Otherwise titled: The Break that I Needed
For the past couple of weeks, I have been lamenting my need for a break. And not the “grocery shopping alone” kind of break. One where I can breath deeply and have time to collect my thoughts.
Well, I got what I wished for. I had five whole hours to myself on a beach that looks like this:
And here is me, relaxing. Actual proof that I peacefully sat on the beach.
The hat was a necessary purchase due to an application
error of sunblock which I painfully discovered when I
was using a scratchy round brush to do my bangs.
Holy hell, did it hurt!
What these photos don’t show is that it was windy, and I was bundled up with a towel. (Please note that I am not complaining because I know that I would be freezing my ass off at the bus stop). It also does not show that my mind was not as peaceful as the view, no matter how hard I tried.

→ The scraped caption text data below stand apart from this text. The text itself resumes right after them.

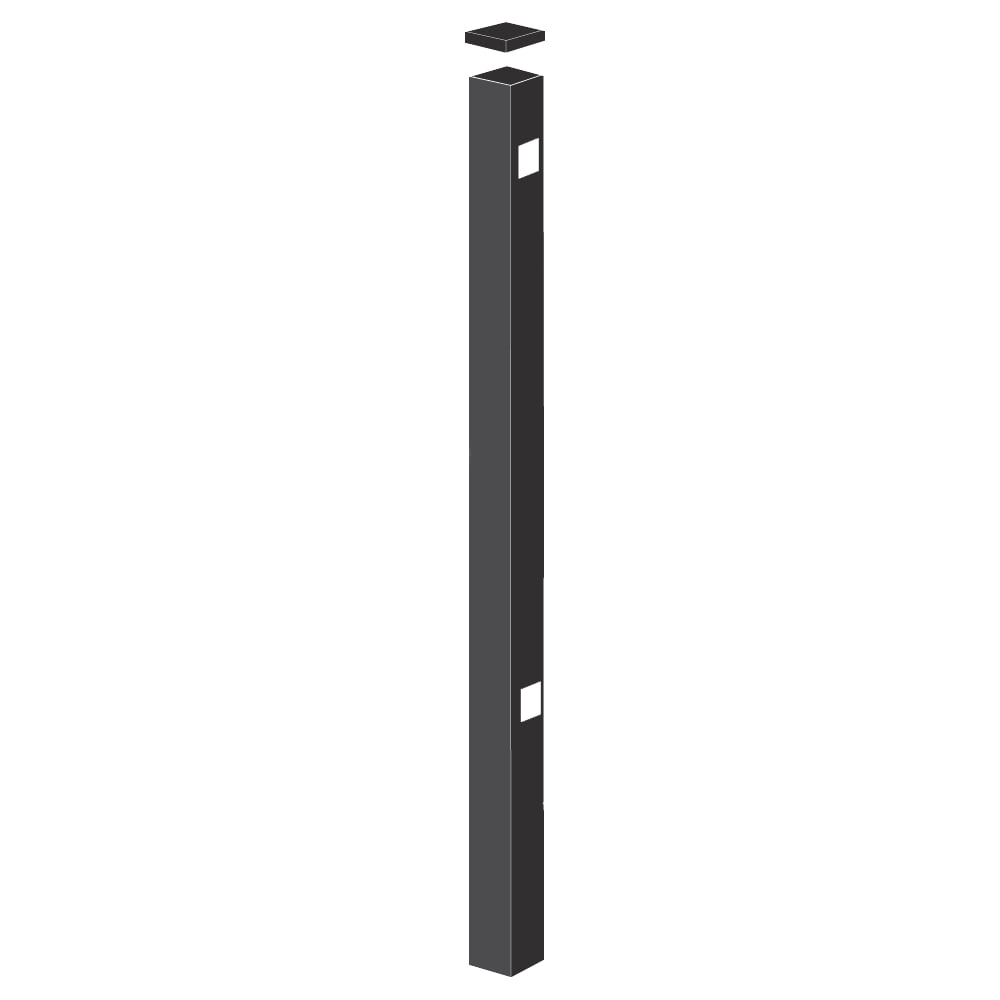 Heavy Duty Gate Post - 2" x 2" x 70" (E)-Aluminum Fence Posts-ActiveYards-Black-FenceCenter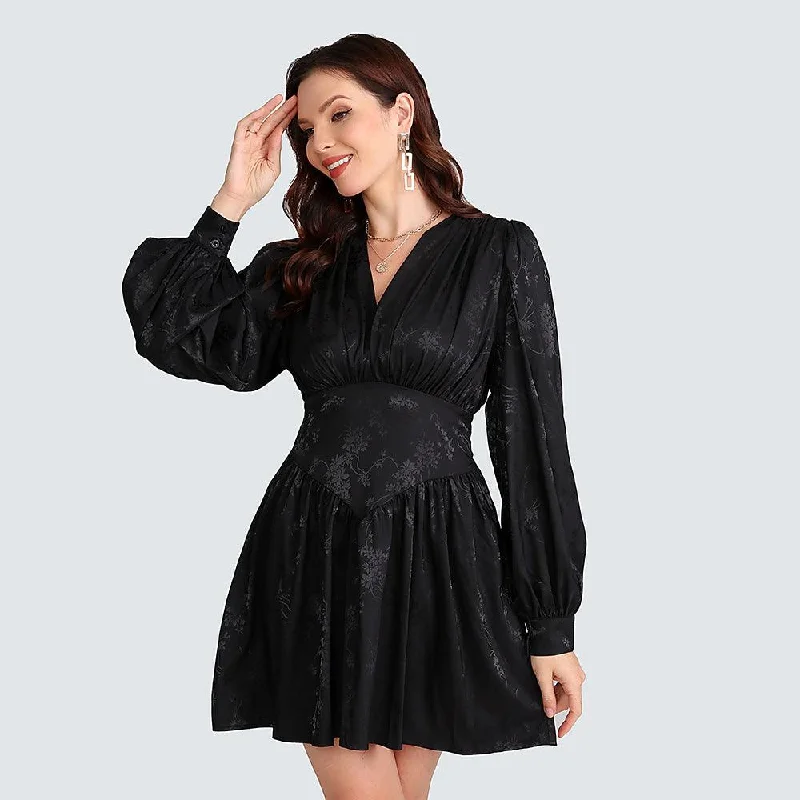 Black Flare High Waist Mini Dress Cozy A-Line Mini Dress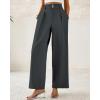 imageBTFBM Women Wide Leg Dress Pants 2026 High Waisted Button Pleated Business Casual Trousers Office Work Palazzo PantsDark Grey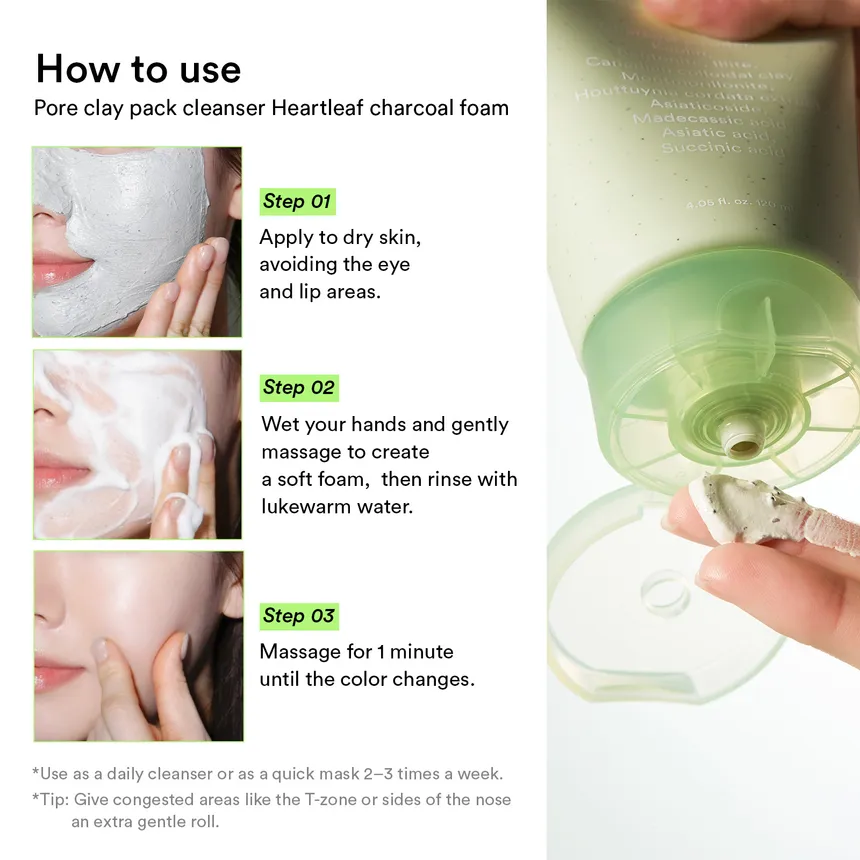 Abib Pore Clay Pack Cleanser Heartleaf Charcoal Foam - Image 10
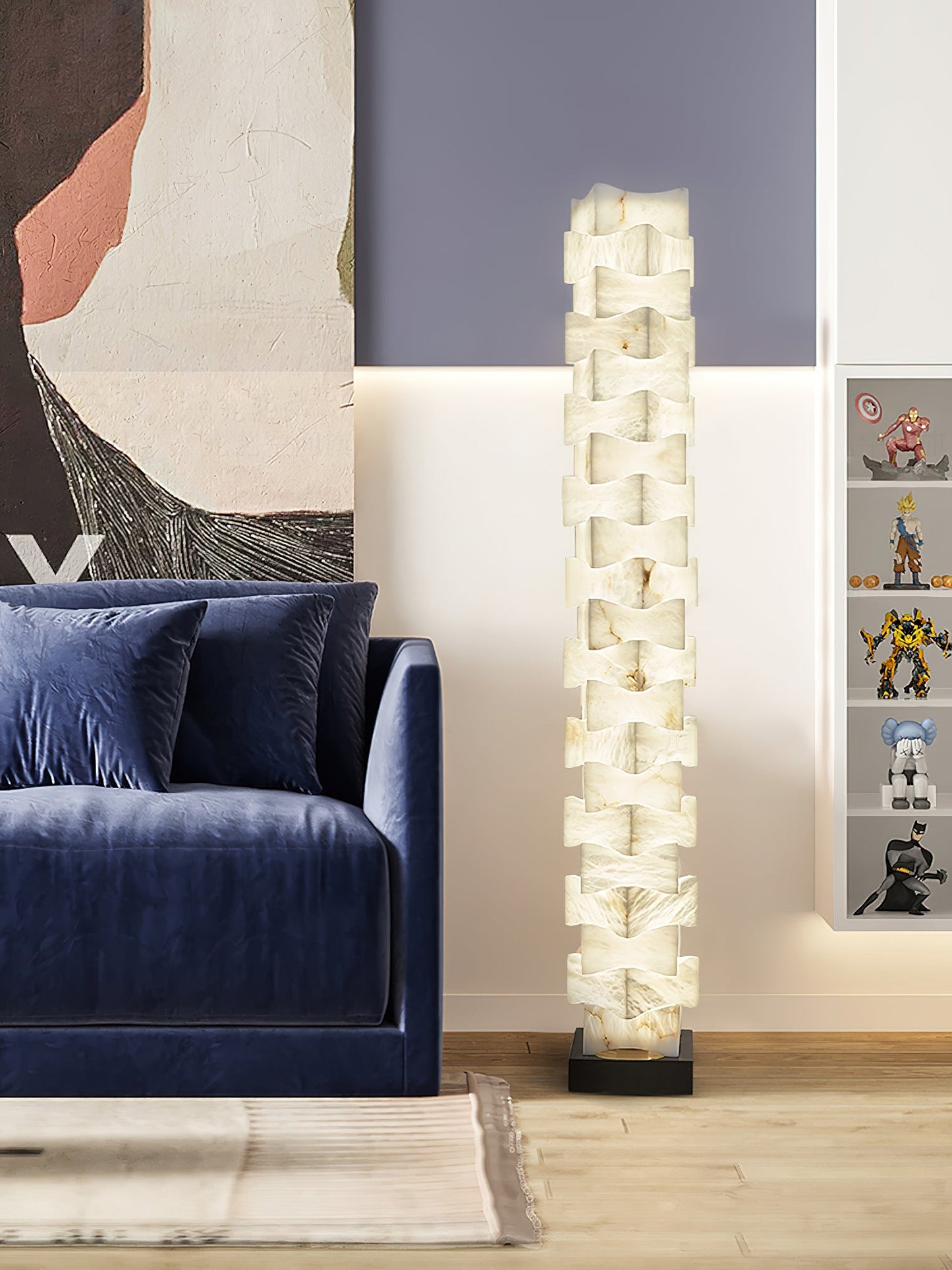 Stacked Alabaster Floor Light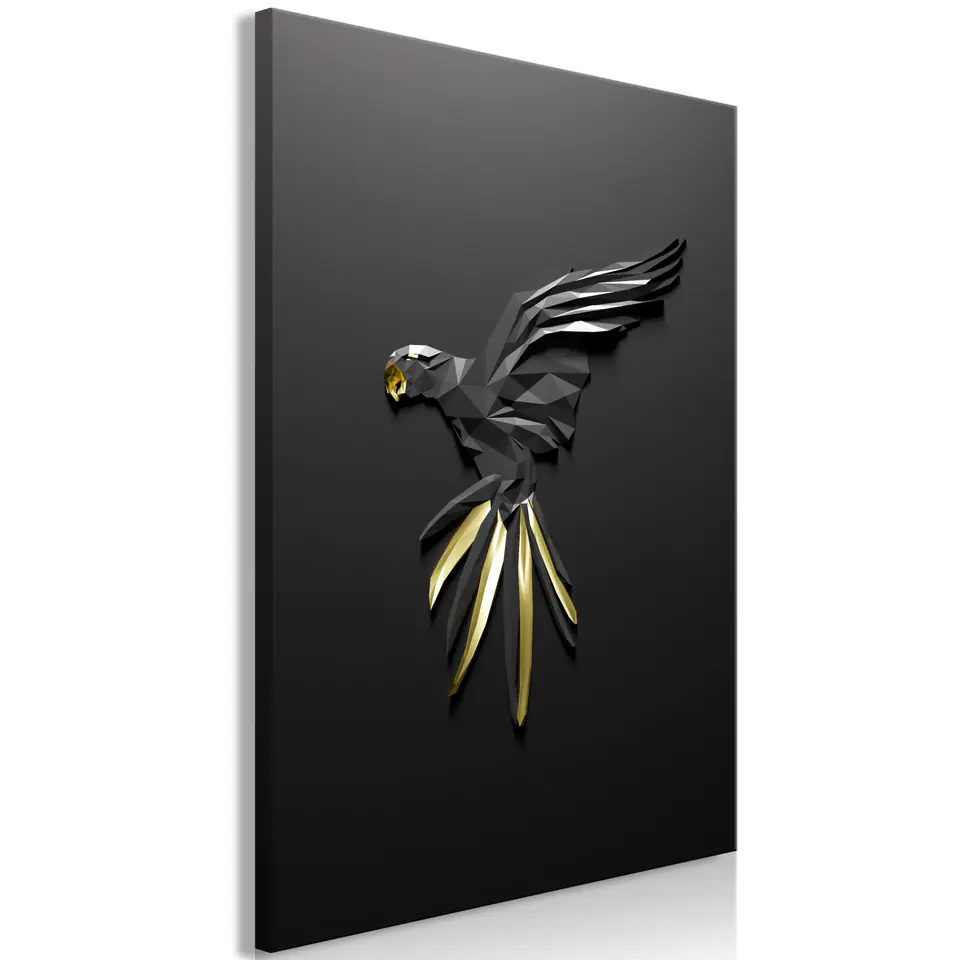 ⁨Picture - Black parrot (1-piece), vertical (size 40x60)⁩ at Wasserman.eu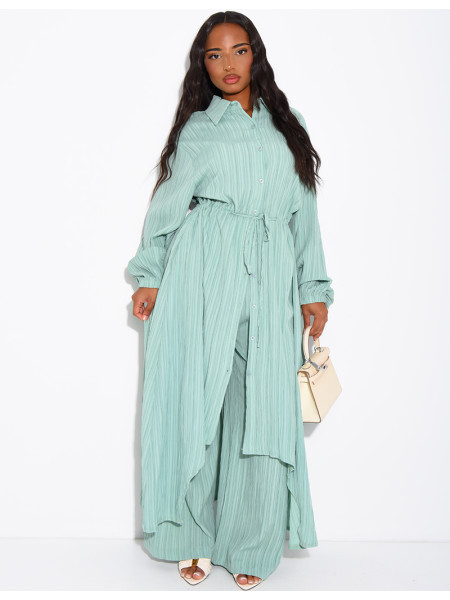 Textured long shirt and flowing trousers co-ord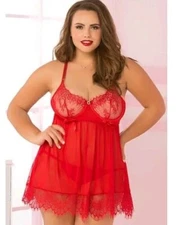 Seven Til Midnight 3X/4X Red Eyelash Lace Babydoll Women Lingerie Sexy Back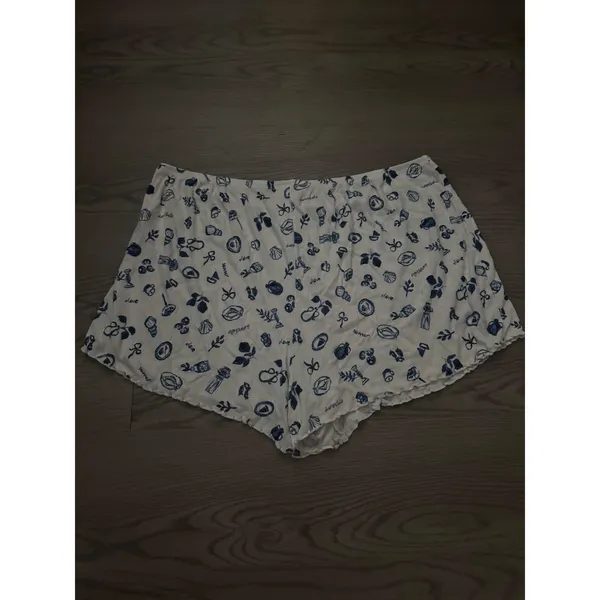 Colsie Womens Ribbed Pajama Shorts White Blue Seashell Print Lettuce Edge Large - Image 3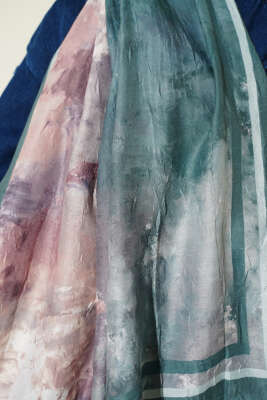 Ebruli Desen Bambu Kraş Şal Zümrüt - Başörtüsü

I really tried to let my thoughts drift through my mind, as they say in yoga. No such luck.
At first, I was totally grossed out by the seagulls that were swarming around even though I had no food. I looked around to see what was going on, and there was a lady. *Hand feeding a seagull!*
Really?! Who does that? It was like she was basking in the attention, as I judged by her puppy dog eyes gazing at said seagull that clearly had not missed any meals.
From there, I wondered if a seagull has ever died from eating too much processed white bread and beef. Is it possible?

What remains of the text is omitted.